Ben Schott likes nothing better than a glass of dry sherry in Barry's Reform Club, but the London Eye gives him a funny turn
My wonder is the atrium of the Reform Club. It was designed by Sir Charles Barry and it's breathtaking. Like all the wonderful clubs of St James, the joy is that you leave behind a teeming London and enter these glorious, often empty spaces with a wonderful sense of proportion. I know these places are horribly elitist and I'm not entirely sure I'm commending the principle on which they stand, but as spaces within a bustling city, I think they are uplifting and relaxing.

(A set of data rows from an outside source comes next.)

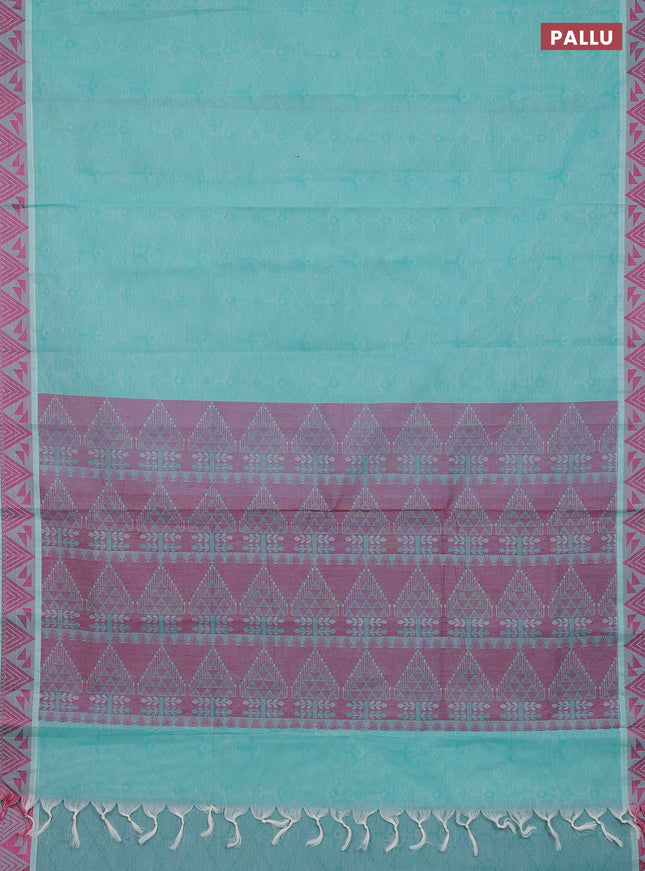 Coimbatore cotton saree teal blue and pink with allover self emboss and thread woven border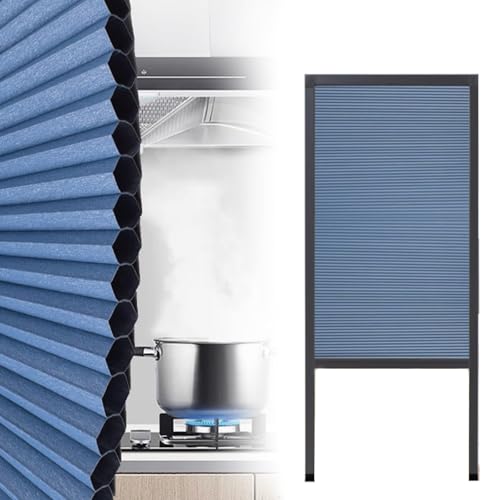 falttür Navy Blue Accordion Door 80 84 90 Inch Tall, Customize No Lower Track Retractable Honeycomb Folding Doors For Closet/Rv/Living Room, With Aluminum Frame, Door Alternatives(WxH 76inx80in) von WLCGYD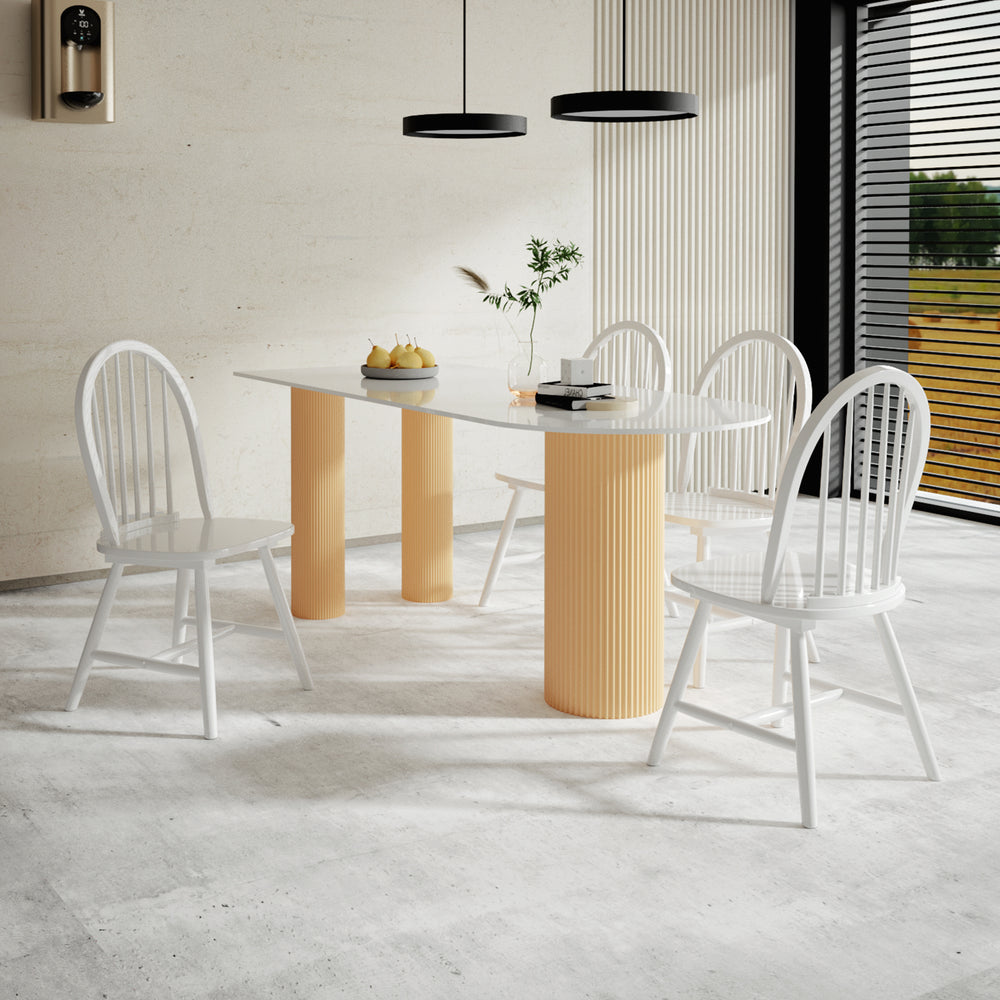 Set of 2 Vintage Windsor Wood Chair with Spindle Back for Dining Room-White - Gallery View 1 of 11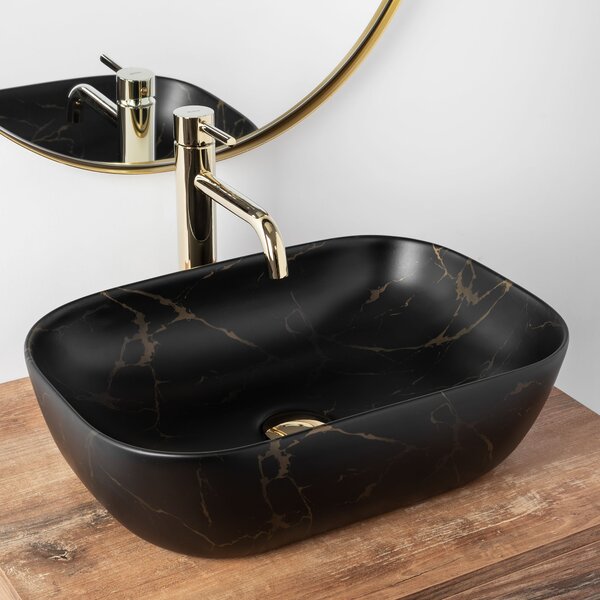 Countertop Basin Rea Belinda Black Marble Mat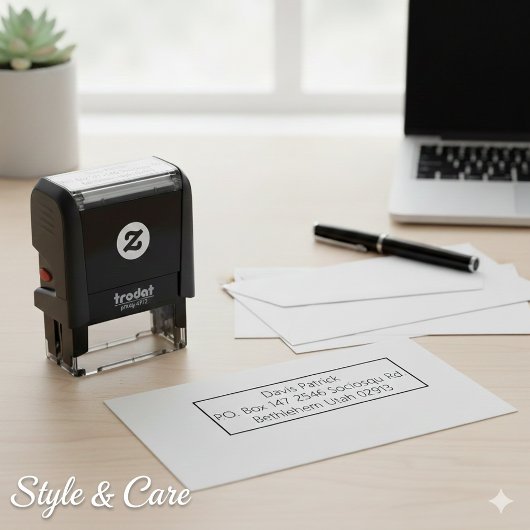 Elegant Address Stamp for Invitations or Envelopes Zelfinktende Stempel
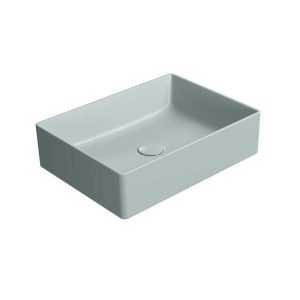 942915 KUBE X RECTANGULAR COUNTERTOP BASIN 500X370MM EXC WASTE MATT GHIACCIO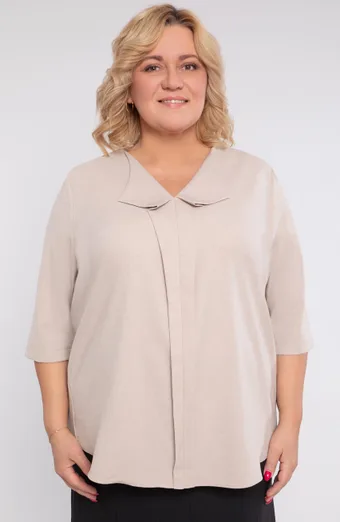 Ľanová voľná blúzka béžovej farby
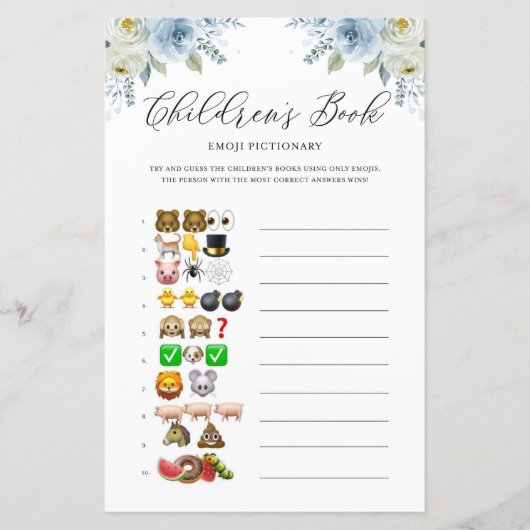 Blauwe bloemen Kinderboeken Emoji Baby shower Game (Voorkant)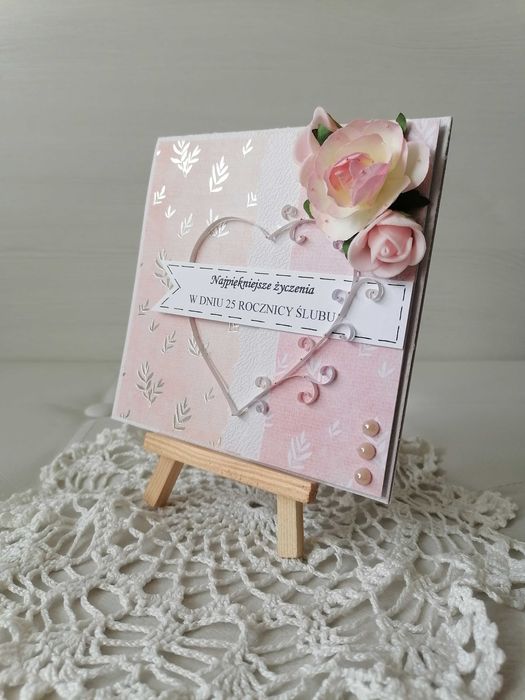 Kartka na 25 rocznicę ślubu Brzoskwiniowa, quilling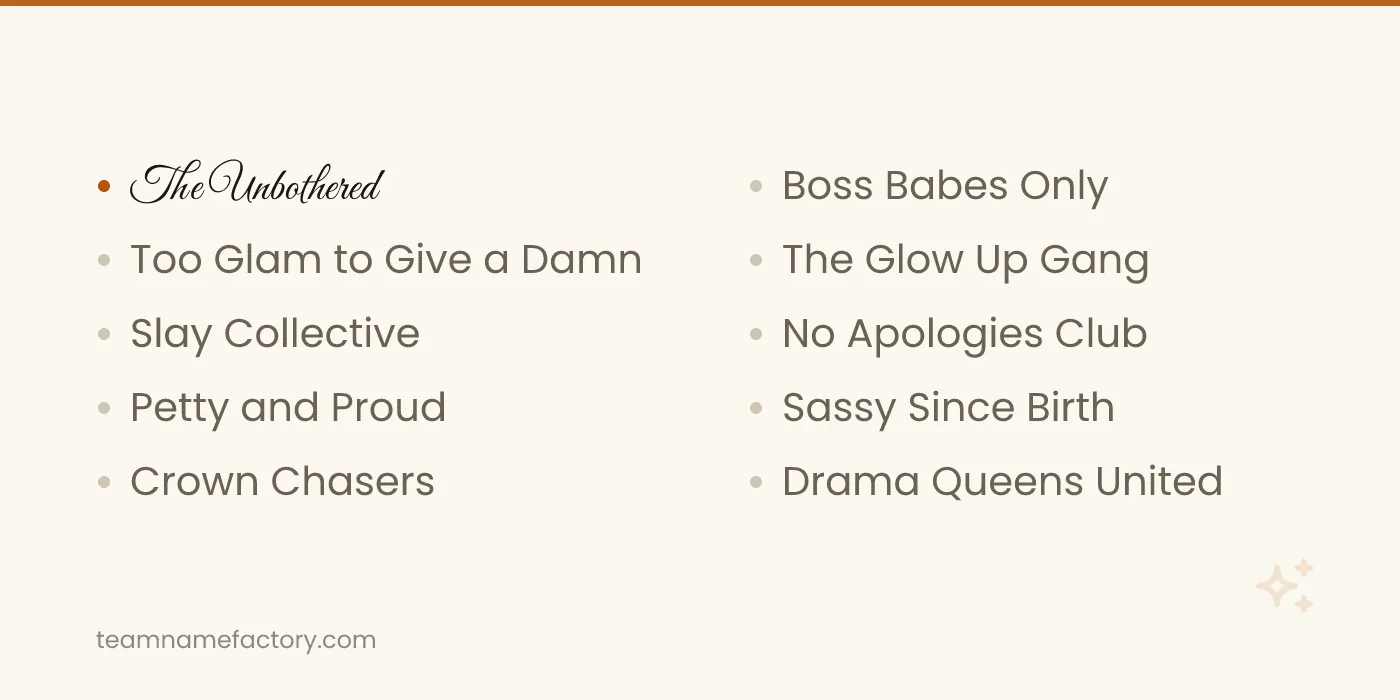 Sassy and Savage Girl Group Names — girl group names ideas from teamnamefactory.com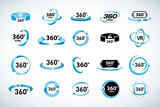 Fototapeta  - 360 Degrees View Vector Icons set. Virtual reality icons. Isolated vector illustrations. Blue Color version.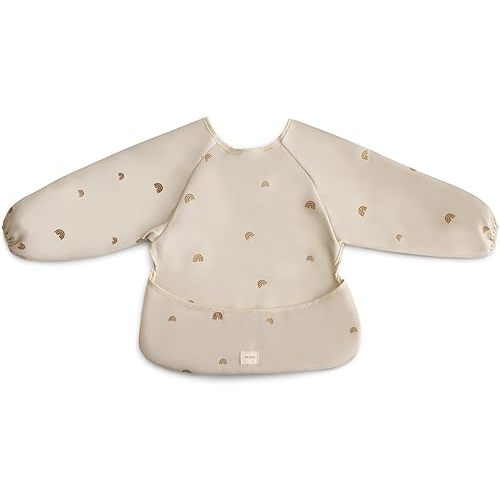 mushie Long Sleeve Baby Bib | Water Resistant Adjustable Fit for Ages 6-24 Months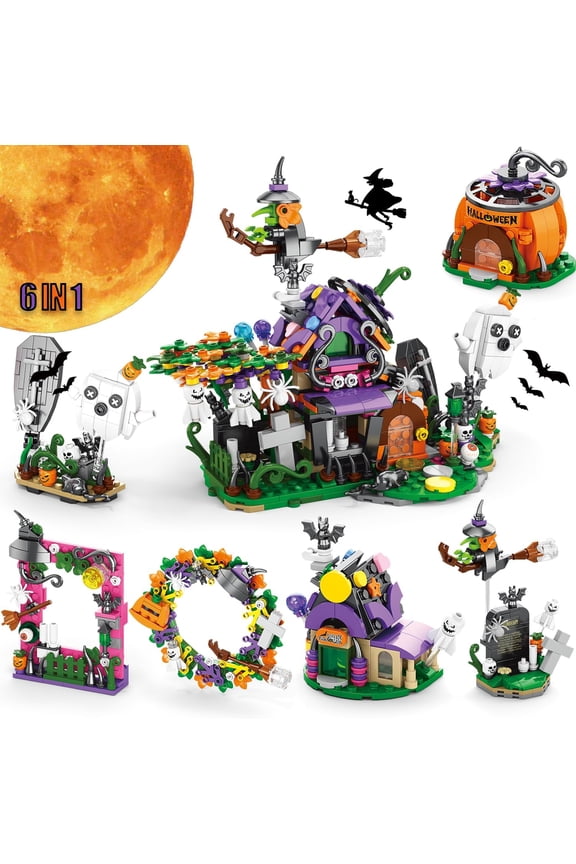 Halloween Haunted House Building Kit for Kids,6 in 1 Mini Pumpkin Blocks Halloween Toys Gifts Ages 6+ (603pcs)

Blunder's too strong a word for the London Eye, because I wouldn't want to pull it down, but I don't particularly like it. It monkeys with the scale of London. The city used to have a sense of proportion – the buildings that were most significant stood out, like St Paul's, the Palace of Westminster, the National Theatre and so on.

A lot of new buildings work – I love the new bridges, for instance – but I don't think the wheel does. It's also been put in a curious place.

It is wonderful in that it brings people to the capital, but it gives the wrong view. It perpetuates the myth that London is the West End. If you want the best view of London, go to Vertigo 42 – a bar on the 42nd floor of the old NatWest building. The view from there starts at the City and spreads outwards, just as London itself did.

Ben Schott is the author of Schott's Original Miscellany and Schott's Food & Drink Miscellany.